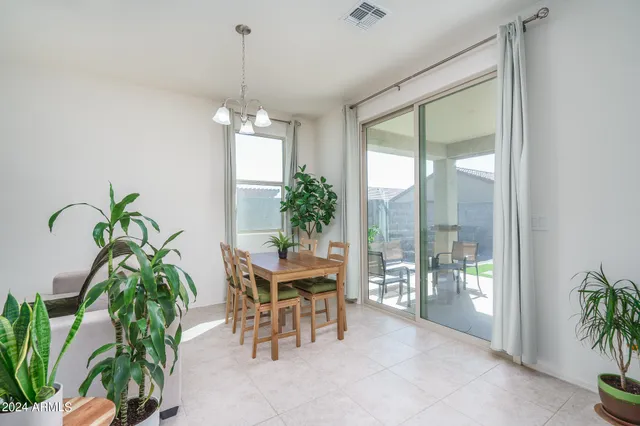 a dining room with furniture potted plants and a chandelier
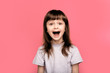 © Marharyta Hanhalo - Wow. Crazy good news. Image of overjoyed excited screaming amazed little child girl standing isolated over pink background. Looking camera with open mouth.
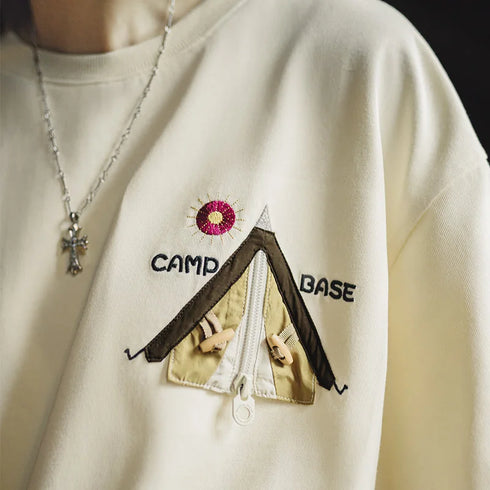 White sweatshirt with embroidered tent design and 'Camp Base' text on a plain background
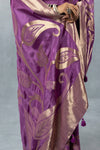 Detailed close-up of the antique gold zari weaving on the Vanya Sarees mauve purple tissue silk saree, showing the artistic leafy and paisley patterns.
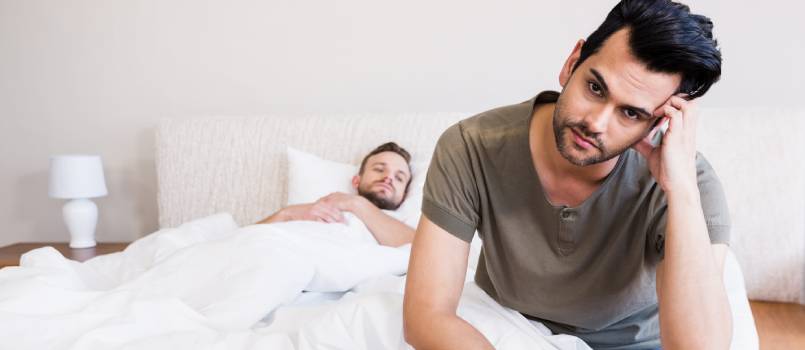 Thoughtful man sitting on bed
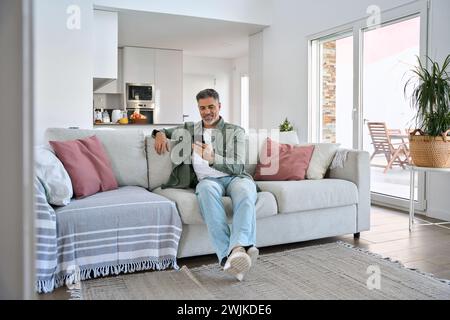 Smiling relaxed middle aged man using mobile phone sitting at home on couch. Stock Photo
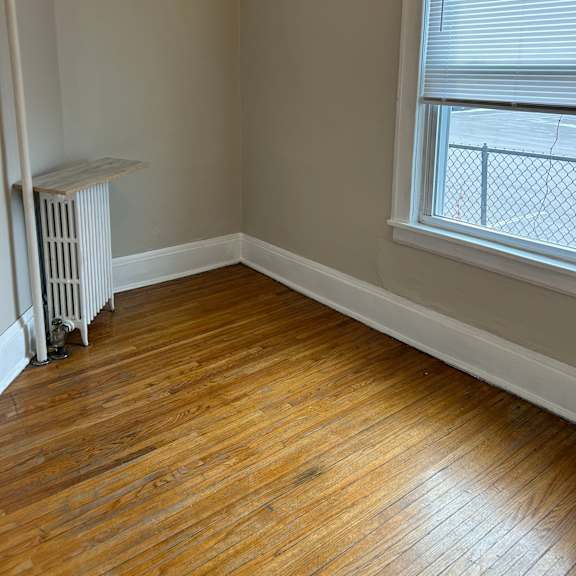 a room with a window and a radiator.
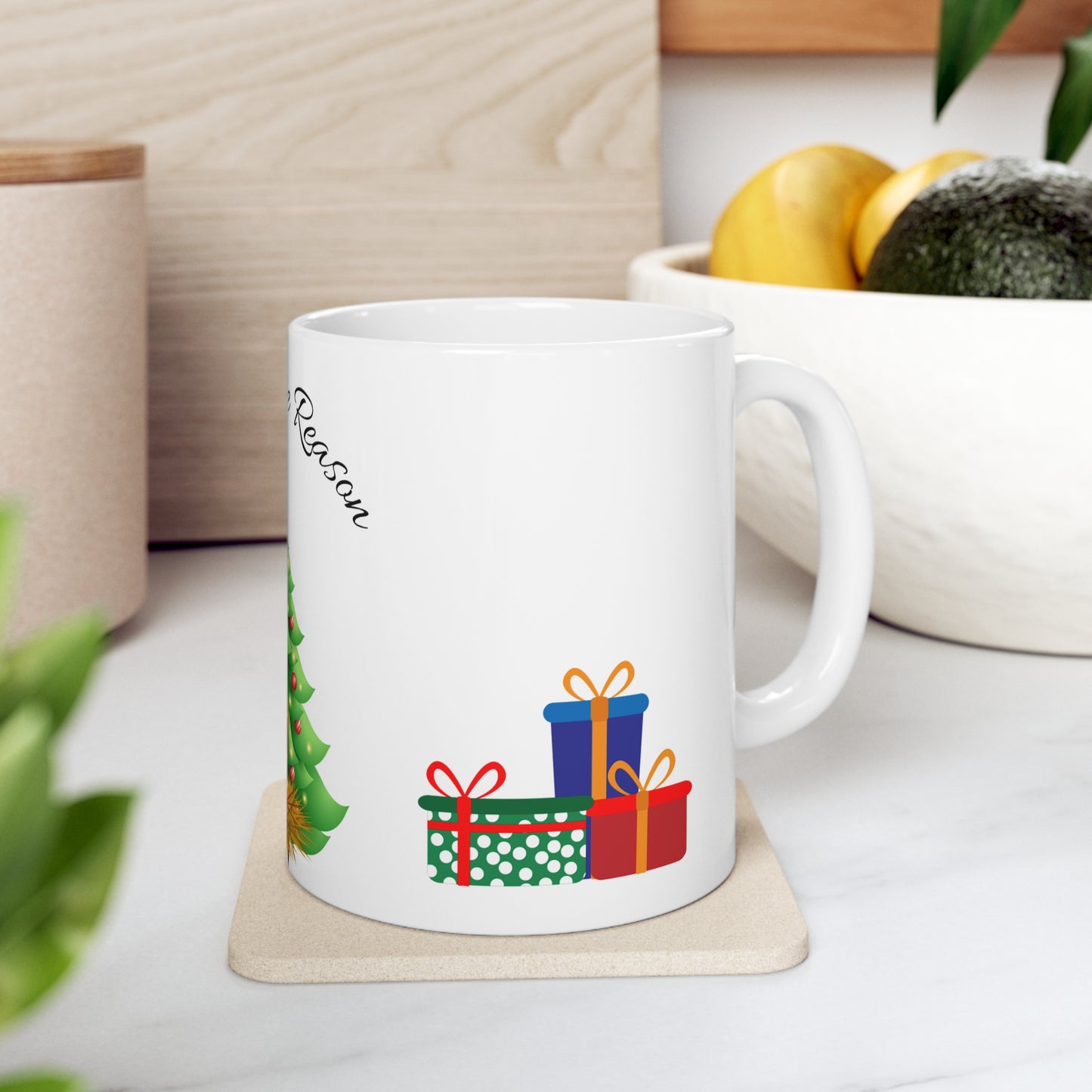 Christmas mug with baby Jesus, decorated tree, gifts, and “Jesus is the Reason” text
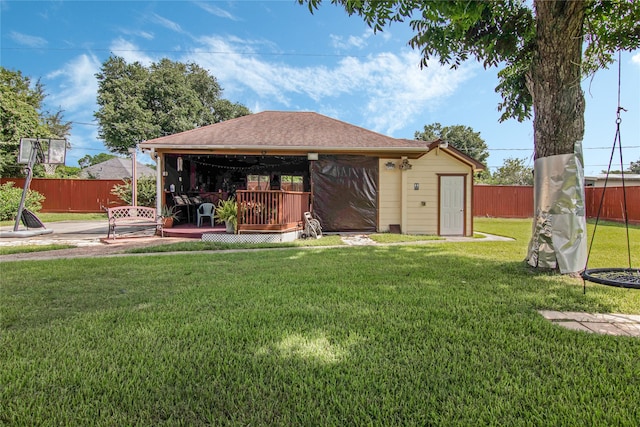 view of yard featuring an outdoor structure and a wooden deck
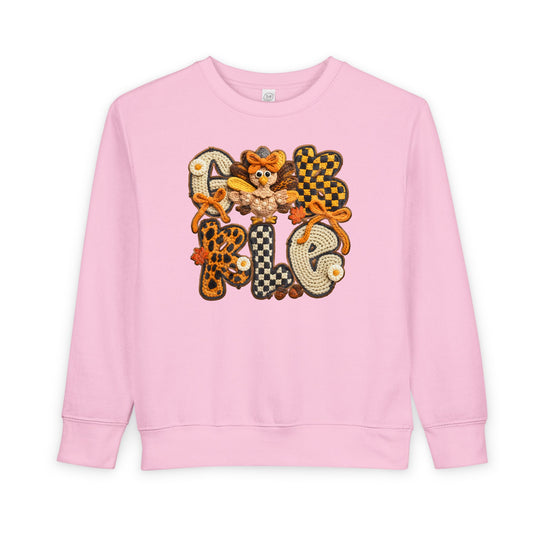 Light-pink Gobble toddler crewneck sweatshirt with crochet-style applique featuring colorful letters, bows, flowers, fall leaves, and a cute crochet turkey.
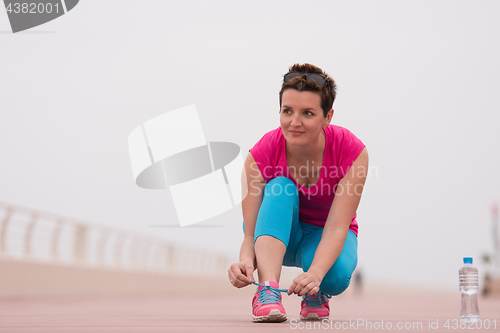 Image of Young woman tying shoelaces on sneakers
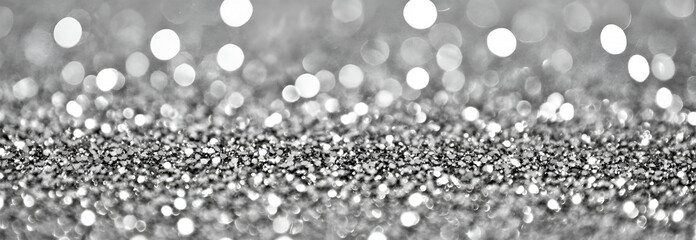 Poster - Abstract silver glitter bokeh effect texture background creating a dazzling display of light for celebrations or events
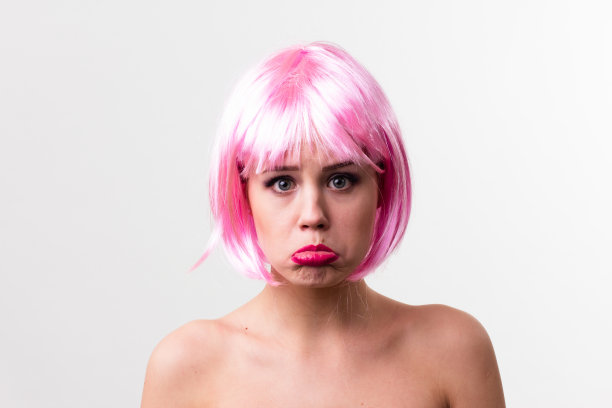 一个年轻女子的脸与明亮的化妆品在粉红色的背景聚集的头发在一个光滑的马尾。图片下载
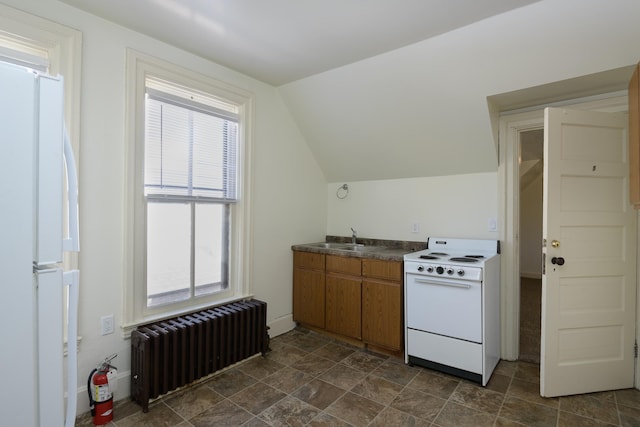 kitchen with lofted ceiling, white appliances, radiator heating unit, and a wealth of natural light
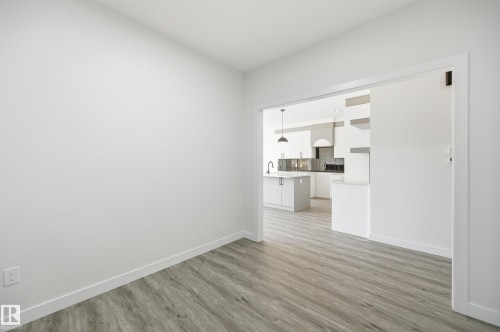Bright room with wood-finish flooring, white baseboards, and a wide entryway leading to a modern kitchen - 3 Pierwyck Loop, Spruce Grove, AB - Indoor Photo Showing Other Room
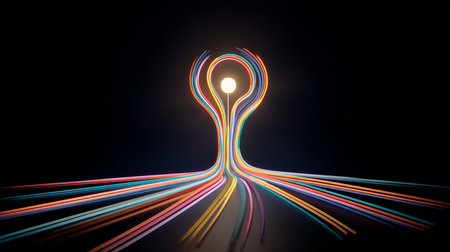 abstract colored lines on a black background with a light bulb in the centerの素材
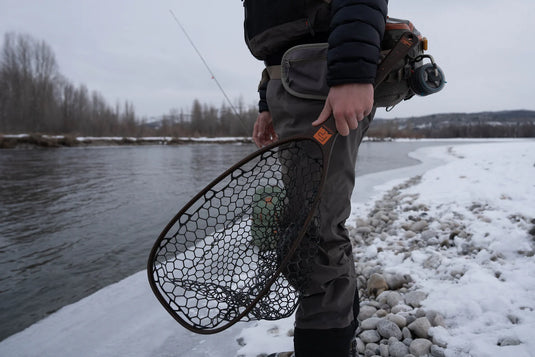 Landing net held outdoors, dark hex-mesh bag with brown handle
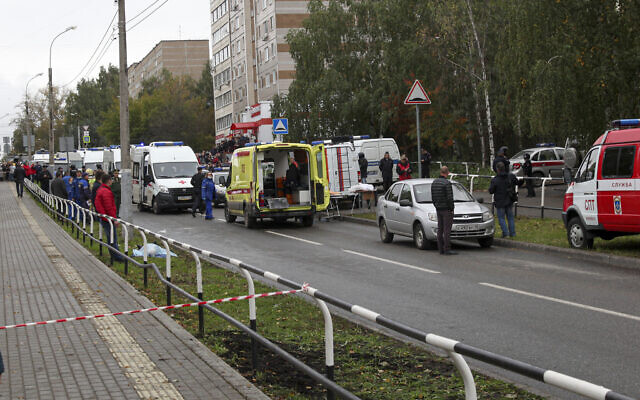 Police and paramedics work at the scene of a shooting at school No. 88 in Izhevsk, Russia, September 26, 2022. (AP Photo)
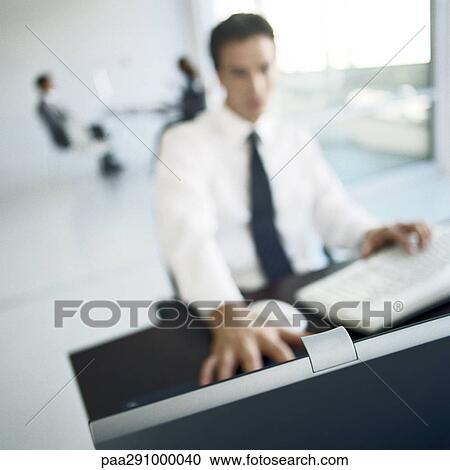 Businesspeople in office View Large Photo Image Stock Image - Businesspeople in office. Fotosearch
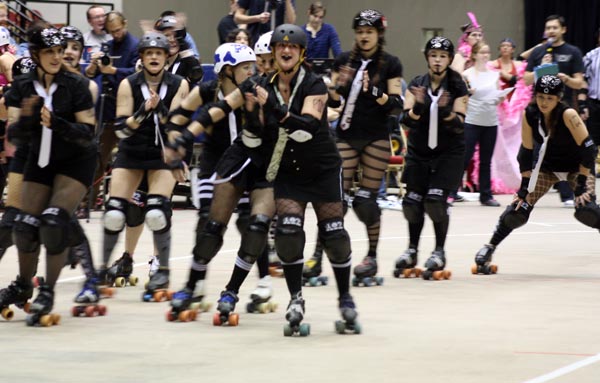 a large group of roller skaters dressed in black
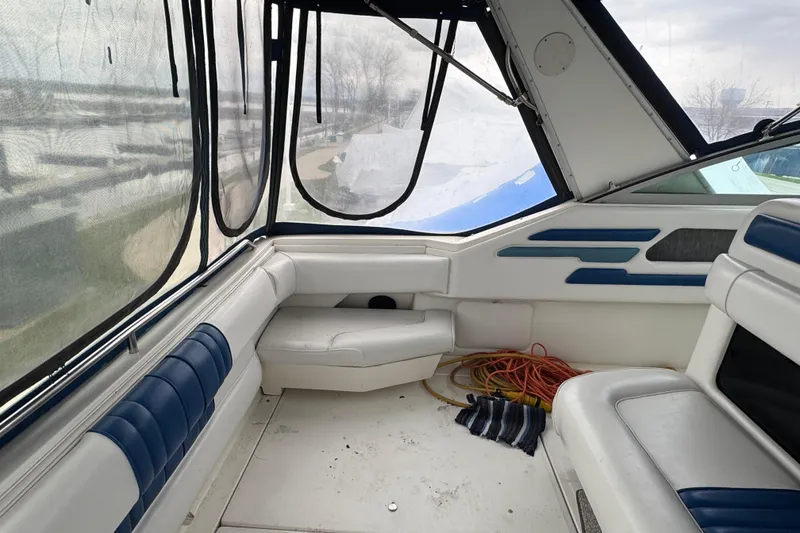 Slide: The Image of Interior of a 1993 Sea Ray Sundancer 330 boat with blue and white seating. - 30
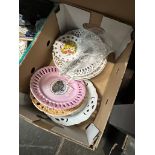 A box of early 20th Century ribbon plates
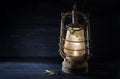 Rusty kerosene lantern shines undaunted with light in the dark, obsolete technology in times of modern energy-saving lamps,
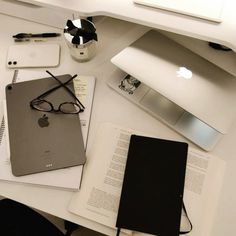 an apple computer sitting on top of a white desk next to a book and glasses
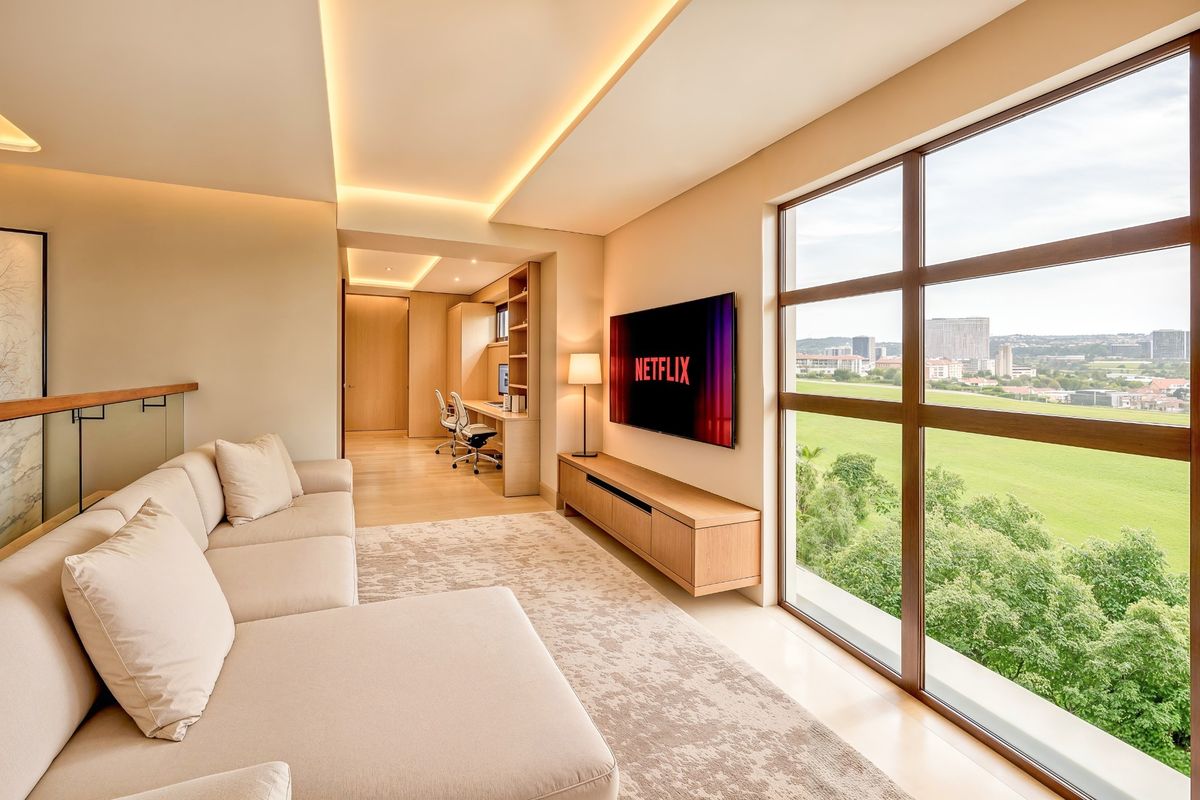 Modern living room featuring recessed ceiling lighting, built-in cabinetry, and large windows offering expansive views, seamlessly connected to a dedicated home office space.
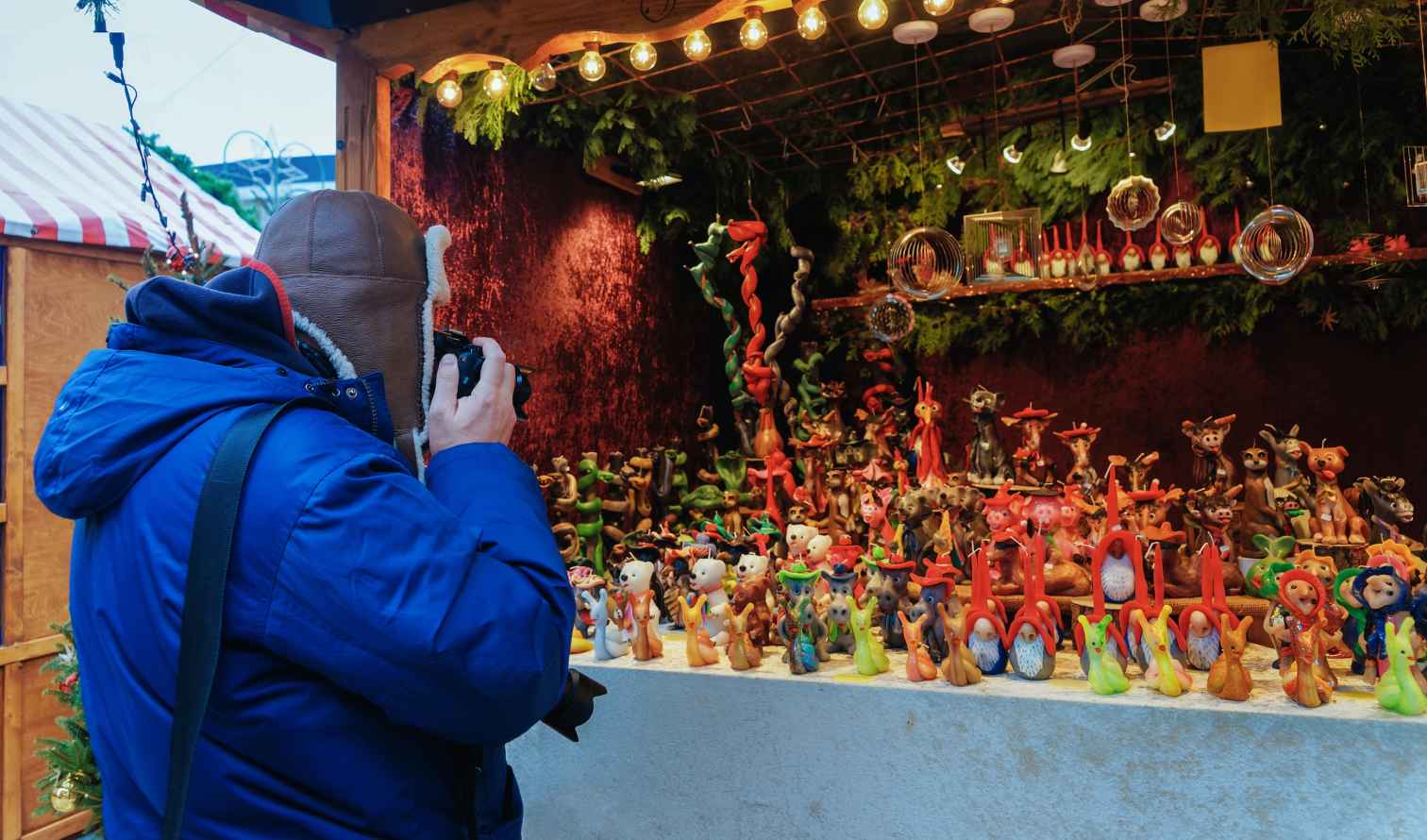 Person takes photo of clay figures at a Christmas market stall in Berlin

◆ ◆ ◆ ◆ ◆ ◆ ◆

--- THE PROBLEM ---
Without including any pictures, output all the entries above exactly.

--- REPLY TO THE TASK ---
 a dining room with furniture potted plants and a chandelier
 © Marharyta Hanhalo - Wow. Crazy good news. Image of overjoyed excited screaming amazed little child girl standing isolated over pink background. Looking camera with open mouth.
 White sweatshirt with embroidered tent design and 'Camp Base' text on a plain background
 Detailed close-up of the antique gold zari weaving on the Vanya Sarees mauve purple tissue silk saree, showing the artistic leafy and paisley patterns.
 Thoughtful man sitting on bed
 Smiling relaxed middle aged man using mobile phone sitting at home on couch. Stock Photo
 a room with a window and a radiator.
 Christmas mug with baby Jesus, decorated tree, gifts, and “Jesus is the Reason” text
 view of yard featuring an outdoor structure and a wooden deck
 Light-pink Gobble toddler crewneck sweatshirt with crochet-style applique featuring colorful letters, bows, flowers, fall leaves, and a cute crochet turkey.
 Image of Young woman tying shoelaces on sneakers
 Poster - Abstract silver glitter bokeh effect texture background creating a dazzling display of light for celebrations or events
 一个年轻女子的脸与明亮的化妆品在粉红色的背景聚集的头发在一个光滑的马尾。图片下载
 kitchen with lofted ceiling, white appliances, radiator heating unit, and a wealth of natural light
Bright room with wood-finish flooring, white baseboards, and a wide entryway leading to a modern kitchen - 3 Pierwyck Loop, Spruce Grove, AB - Indoor Photo Showing Other Room
 abstract colored lines on a black background with a light bulb in the centerの素材
 Landing net held outdoors, dark hex-mesh bag with brown handle
 Police and paramedics work at the scene of a shooting at school No. 88 in Izhevsk, Russia, September 26, 2022. (AP Photo)
 Businesspeople in office View Large Photo Image Stock Image - Businesspeople in office. Fotosearch
 a large group of roller skaters dressed in black
 Slide: The Image of Interior of a 1993 Sea Ray Sundancer 330 boat with blue and white seating. - 30
 A box of early 20th Century ribbon plates
 Rusty kerosene lantern shines undaunted with light in the dark, obsolete technology in times of modern energy-saving lamps,
 an apple computer sitting on top of a white desk next to a book and glasses
 Modern living room featuring recessed ceiling lighting, built-in cabinetry, and large windows offering expansive views, seamlessly connected to a dedicated home office space.
 Person takes photo of clay figures at a Christmas market stall in Berlin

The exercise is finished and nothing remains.